── RAW DATA
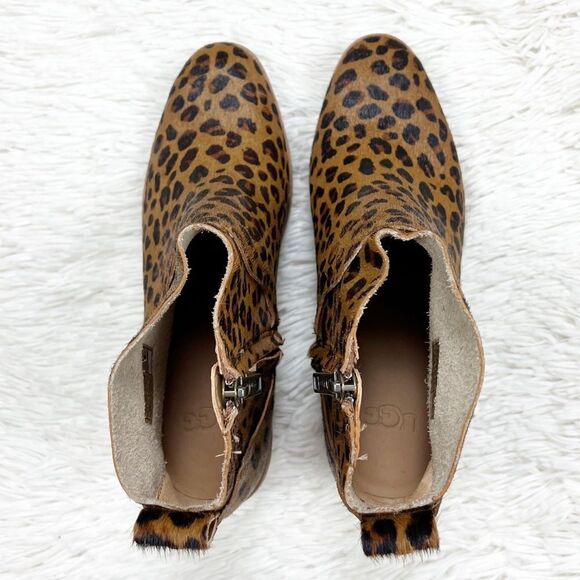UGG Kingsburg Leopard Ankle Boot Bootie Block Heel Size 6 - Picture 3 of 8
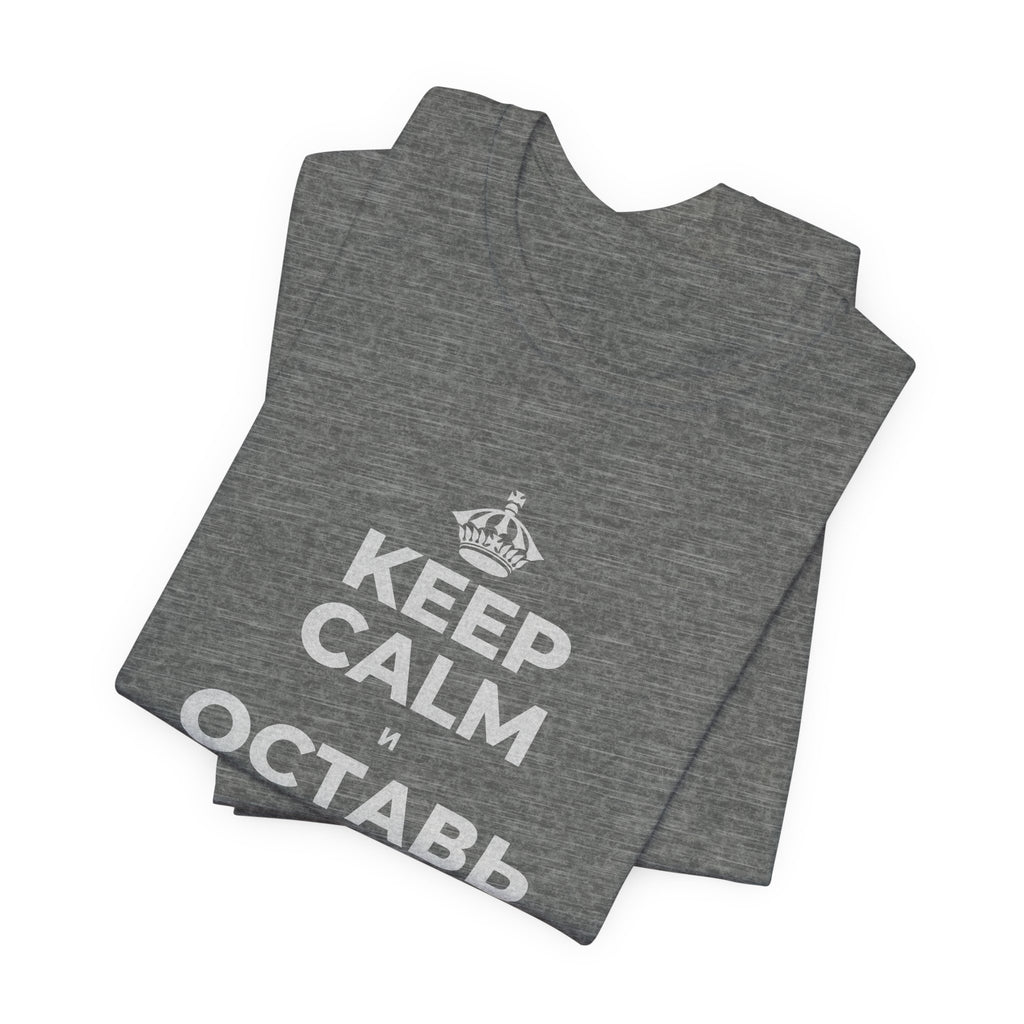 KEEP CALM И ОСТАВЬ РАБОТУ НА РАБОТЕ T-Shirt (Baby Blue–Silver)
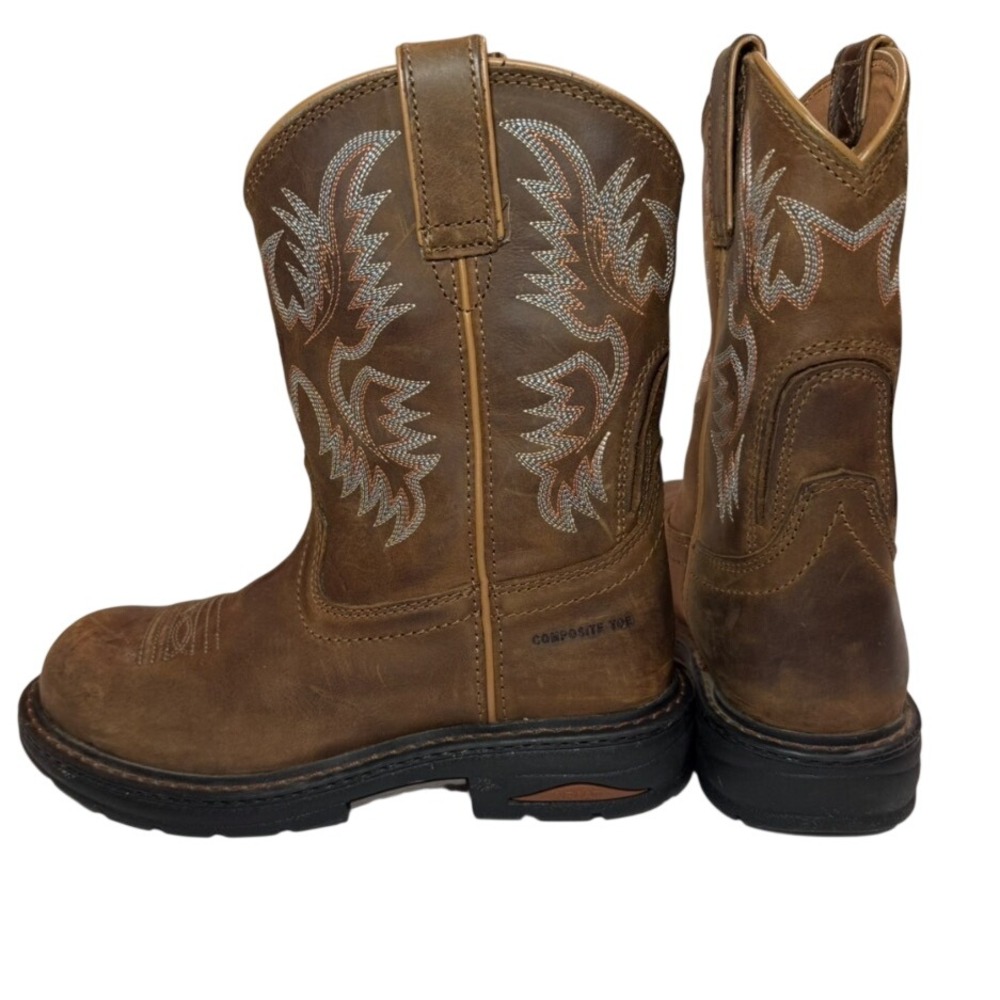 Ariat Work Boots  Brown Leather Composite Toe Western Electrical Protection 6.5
────
── RAW DATA
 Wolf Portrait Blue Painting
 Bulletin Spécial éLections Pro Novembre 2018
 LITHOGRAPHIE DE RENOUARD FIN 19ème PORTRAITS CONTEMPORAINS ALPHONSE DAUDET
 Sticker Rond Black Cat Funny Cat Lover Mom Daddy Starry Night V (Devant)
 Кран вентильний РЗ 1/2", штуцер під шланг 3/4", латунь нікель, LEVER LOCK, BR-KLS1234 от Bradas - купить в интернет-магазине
────
── RAW DATA
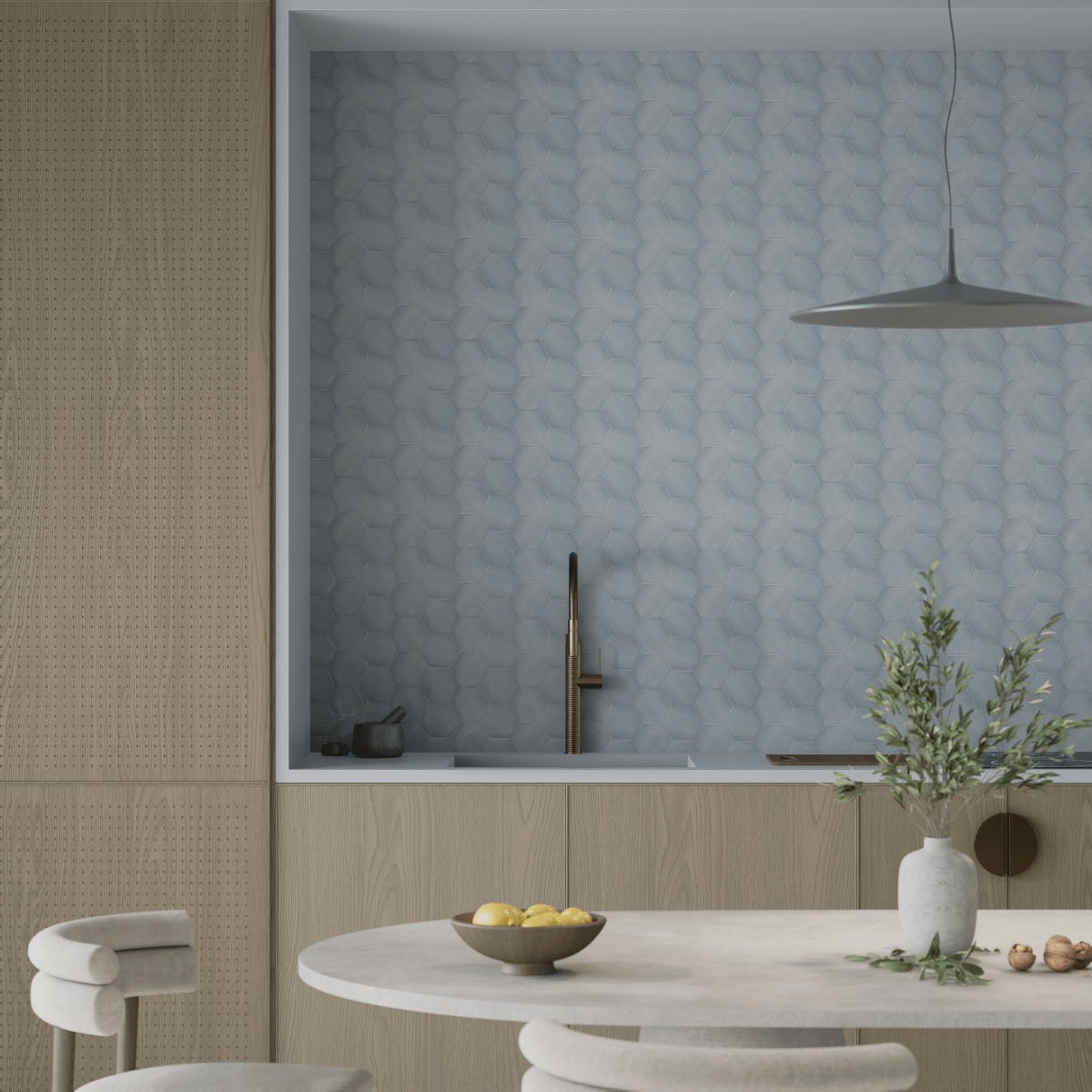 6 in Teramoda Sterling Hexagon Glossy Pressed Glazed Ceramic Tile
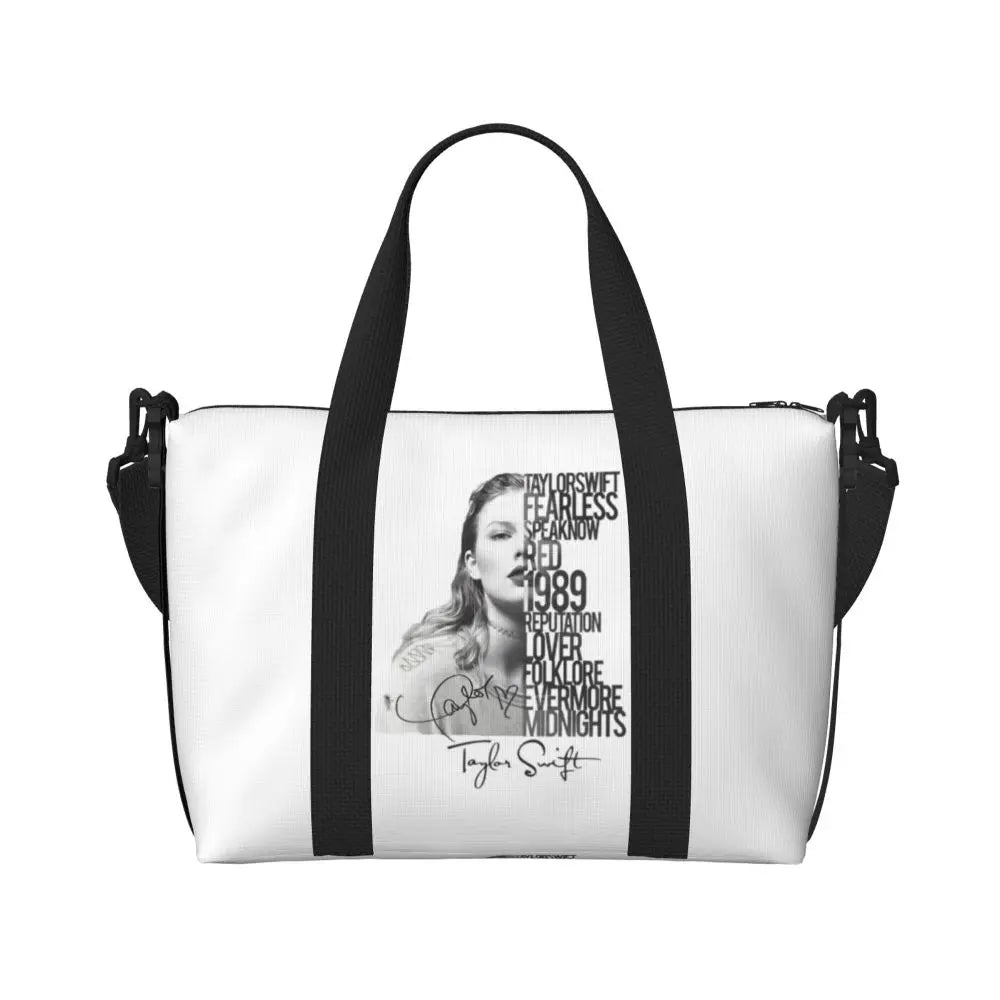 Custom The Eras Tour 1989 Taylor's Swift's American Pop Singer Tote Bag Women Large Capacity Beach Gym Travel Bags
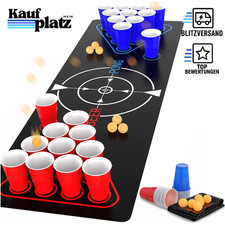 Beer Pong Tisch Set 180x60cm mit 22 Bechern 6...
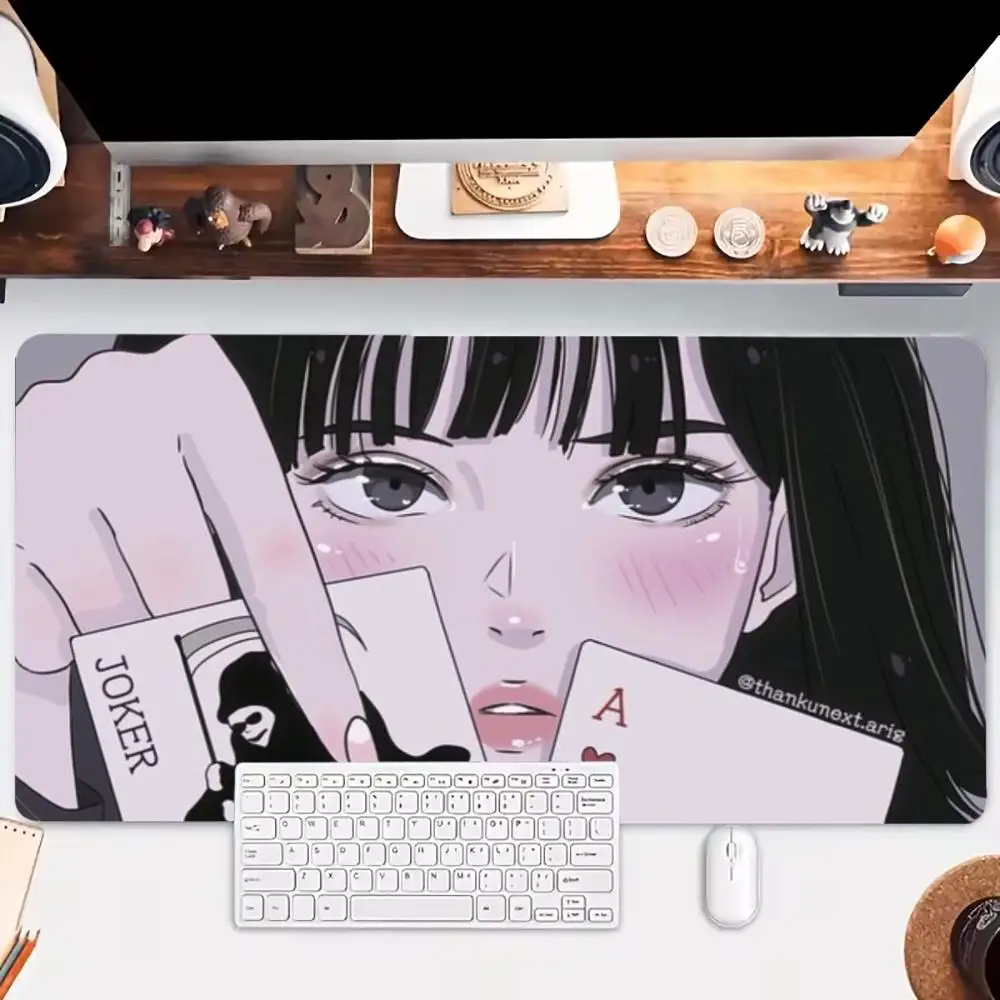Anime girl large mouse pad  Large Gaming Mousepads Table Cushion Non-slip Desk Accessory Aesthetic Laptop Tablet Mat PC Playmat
────
• **WHAT IS BEING ASKED**:
Where a picture appears in the records above, omit it, and transcribe exactly the stretch of lines from the one with "UGG Kingsburg Leopard" through the one with "Ariat Work Boots".

• **ANSWER SECTION**:
UGG Kingsburg Leopard Ankle Boot Bootie Block Heel Size 6 - Picture 3 of 8
 KEEP CALM И ОСТАВЬ РАБОТУ НА РАБОТЕ T-Shirt (Baby Blue–Silver)
 Ariat Work Boots  Brown Leather Composite Toe Western Electrical Protection 6.5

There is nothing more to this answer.